I am trying to write a document that can only be read by humans. The document content can’t be copied. For that purpose, I am converting its pages to pictures and adding them back to a PDF file. The main issue is that any OCR program can get back the whole written text, especially that the page is going to be clear (as opposed to a scanned book) which will increase the OCR accuracy.
So, is there a font that can’t be recognized by an OCR. Otherwise, is there a technique that will make my document only readable by humans, yet unrecognised by an OCR? (for instance, adding a specific background, etc…)
Thank you in advance.
In general OCR does not recognizes text by identifying their ‘fonts’, instead they do it by analyzing the features and shapes of characters, means it looks for similarities in the figure open areas, shapes of the different texts, and letters in the file being scanned for conversion. (That’s why it can also recognizes handwritten documents which are not using any fonts for that matter).
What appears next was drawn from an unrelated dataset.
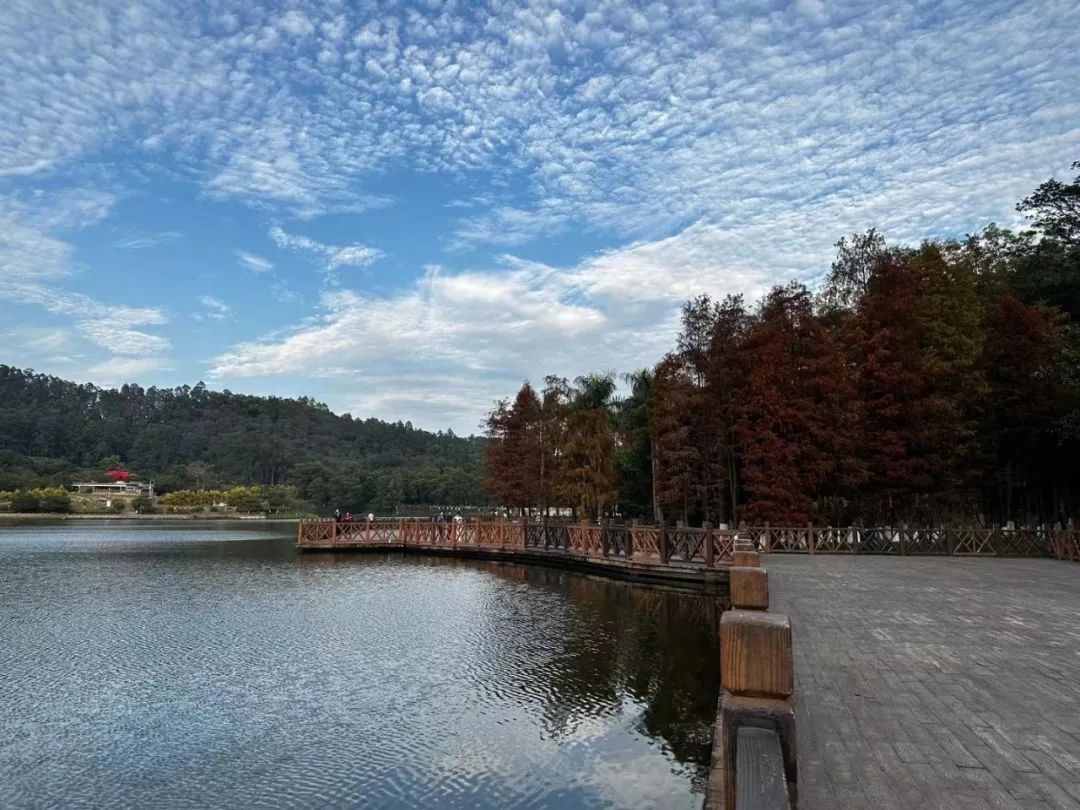 番禺海鸥岛游玩攻略_番禺莲花山海鸥岛旅游攻略_番禺海鸥岛门票多少钱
This process of identifying text through their feature is knows as
Intelligent Character RecognitionI don’t think there can be a certain answer to your question that which font to use to make it unreadable by OCR but just to make it a more harder for a general OCR try using some calligraphic fonts like this one which doesn’t follow general character features, hence hard for computers software to read (this is also the main idea behind CAPTCHA).
But again this may give a general OCR a hard time but still it’s not 100% successful solution, plus it will also make it really hard for any human to read.